This stoked the conspiracy researchers, as C.D. Jackson was a former member of the US military intelligence. Many claim the Zapruder film to be altered in some way to cover up evidence of other shooters and the President’s limo stopping. They point to strange anomalies in the footage and that LIFE tried for such a long time to stop anyone from viewing the footage. However, Zapruder’s film wasn’t the only shoot of the assassination, with at least seven others present at the time filming. The two other publicly released films confirm the events of Nov 22 and that the anomalies can easily be explained by film limitation of the camera’s available in the 60’s. Even though LIFE executives tried to stop the public from seeing the film they themselves ordered copies for private showings.
Stolley returned to Zapruder and was able to purchase all rights for the footage for $150,000 to be made in six annual payments of $25,000. The first $25,000 payment Zapruder donated to the family of murdered Dallas Policeman J.D. Tippit. Oswald had shot Tippit just prior to being arrested. Zapruder gave the impression to the media that the $25,000 was the price LIFE magazine bought his footage for and not just the first installment.
Young Dan Rather
A young Dan Rather was able to see the Zapruder footage and later narrated the film to CBS national television coverage, claiming that he saw the President’s head “went forward with considerable violence.” He failed to mention the backward motion made famous in the Oliver Stone movie, JFK. His omission seemed to confirm that the single shooter theory with just Oswald firing from the rear. When the Zapruder film became public, he was forced to apologize saying it was “an honest error.”
The Groden copies
In government circles, copies of the film circulated often copies of copies sometimes many generations old. When the Warren Commission studied the film the next year they had difficulties with the quality and clarity of the prints. In Feb 1964, LIFE lab assistant Herbert Orth brought the original film to a meeting of government officials and volunteered to make slides of all the frames. The original was sent out to a New Jersey photo lab where photo lab technician Robert Groden made a bootleg copy. He also was able to remove the amateur shakiness of the original by re-framing it. This improved version was far superior to the copies the government held but he placed it in a bank vault out of fear he would be arrested for making a bootleg copy.

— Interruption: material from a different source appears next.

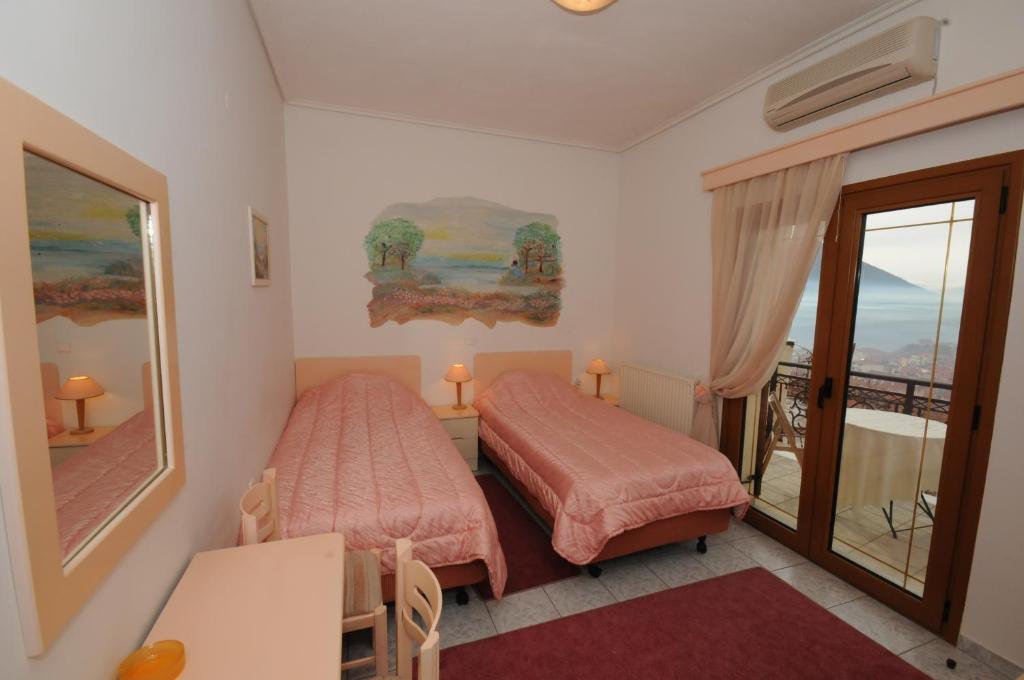 Hotel Artemis à Karpenísion Chambre photo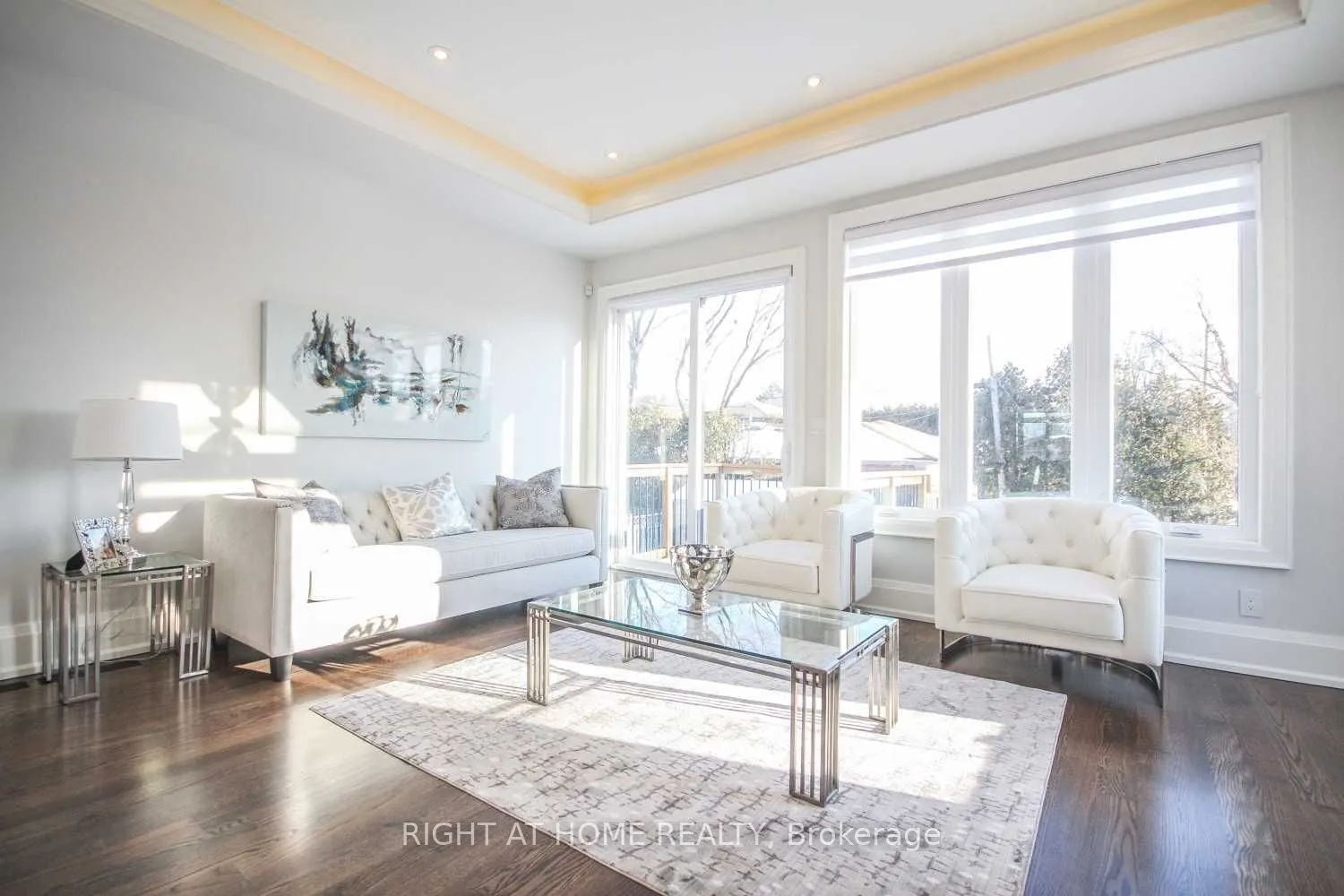 289 Connaught Avenue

After the Warren Commission finished its report, footage and slides were entered into the National archives. Requests to get LIFE to release footage by private researchers and other media outlets are denied. It wasn’t until 1969 that Jim Garrison subpoenaed LIFE for his trial of Clay Shaw (later made famous in the movie, JFK) that the public saw the movie. Lax security at the trial allowed the film to be copied and bootleg’s started to circulate around the country. At the same trial Zapruder is called to testify, the next year on Aug 30, 1970, Abraham Zapruder died of carcinoma in Dallas.
In 1975 Groden started to show his enhanced version of the Zapruder film. In March 1975 Geraldo Rivera on his show Goodnight America convinced ABC executives to show Groden’s film. This was the first time most in America have seen the backward motion of Kennedy’s head and it caused a sensation. Feeding off the public outcry congressman Thomas Downing and others introduce a resolution in Congress that would later lead to the creation of the House Select Committee on Assassinations, HSCA. The committee went on to investigate the assassinations of JFK and Martin Luther King, Jr concluding that both murders were the result of a conspiracy.
Life sells the Film
A New Look at the Zapruder Film
-The tag line for the new DVD released by the Zapruder family
The increased publicity of the film and public outcry at LIFE for refusing to allow anyone to view the originals forced TIME-LIFE to sell the film and rights to the footage to the family for the symbolic amount of $1. The original and other material that TIME-LIFE owns is handed over to the National Archives with limited access. The family allowed anyone to study the film but if it was used for commercial purposes they are charged a fee. Disputes between the Zapruder family and those wanting to use the footage increase with several lawsuits being filled. The pressure was increased when lawsuits arguing that because of the importance of the footage, a national treasure, that no one should own the rights.
The film hits the markets
In 1991, the Zapruder family tried to sell video copies of the footage. This was quickly halted by legal action. In 1997, the film footage and related slides, copies, transparencies are made “assassination documents” under the JFK Act. Disagreement over how much the Zapruder family is to be paid for the material dragged on until 2000. The government valued the material, as worth 1.4 million dollars but the family wanted $30,000,000. Finally, in 1999 an arbitration board ruled the value to be $16 million dollars. This does not include the copyright of the film, which is retained by the family, which they use to distribute a DVD called Image of an assassination. The DVD costs $20 a copy and is 45min film long. Image of an assassination claims to be, “A New Look at the Zapruder Film” and offers more information and a highly improved version of the footage.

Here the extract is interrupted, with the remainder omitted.